The challenging weather conditions didn’t deter him; he stayed warm and well-prepared at the start line, learned from his previous mistakes, and maintained a steady pace throughout the race. Matt’s dedication paid off. Despite the rain and headwinds during the race, he achieved a significant personal milestone by finishing under 4 hours, cutting 28 minutes off his previous best. This achievement was not just about the time but about overcoming personal barriers and dedicating his effort to a meaningful cause, Brain Research UK, in honour of his father. Matt has smashed his fund-raising target of £1,000 for Brain Research UK, as it currently sits on north of £1,250.

Crossing the finish line under four hours, with a time of 3.58, was an incredibly emotional experience for Matt, as he dedicated the final six miles to his late father Alan Wright (66) who was taken too early by an unforgiving brain tumour, along with those who have passed away too soon or fighting cancer today. This dedication fuelled his determination and made each step deeply meaningful. The marathon environment further highlighted the sense of community and purpose; many participants were running not just for personal achievement but to honour loved ones or support important causes.
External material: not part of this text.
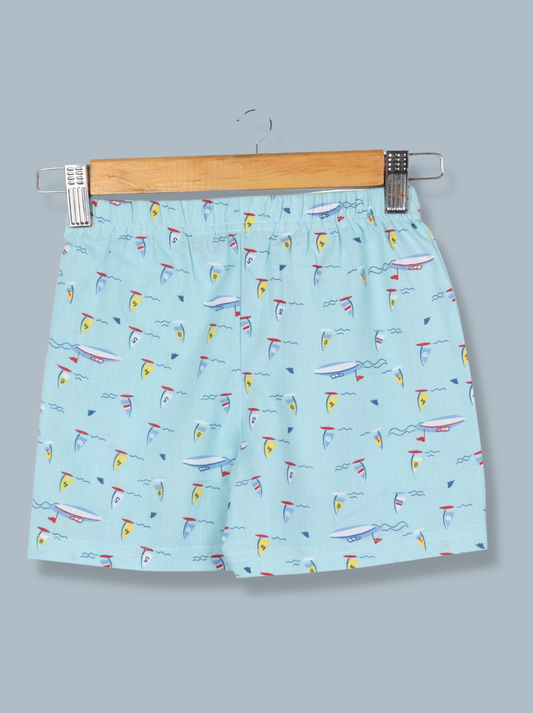 Kids Blue Woven Cotton Animal Print Shorts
Matt told Run Republic that he had 4 goals heading into the Edinburgh Marathon; to make it to the event, to finish the Marathon, to earn a new PB, and to run it in under 4-hours. Matt unexpectedly ticked off all four goals that day in Edinburgh and firmly believes that goal-setting is a huge benefit which can lead to growth.

Matt's journey underscores the importance of perseverance and learning from failure. His advice to others is clear: never wait to pursue personal goals, whether in running or any other area of life. Life is precious, and achieving goals often involves overcoming setbacks and learning vital lessons. "If you’re not failing at times, you’re not even trying. Never ever give up," Matt emphasises.

Through Urban Peaks, Matt Wright continues to inspire others to embrace challenges, support meaningful causes, and enjoy the journey of personal growth and achievement. His story is a testament to the power of resilience and the rewards of chasing one's dreams with passion and dedication.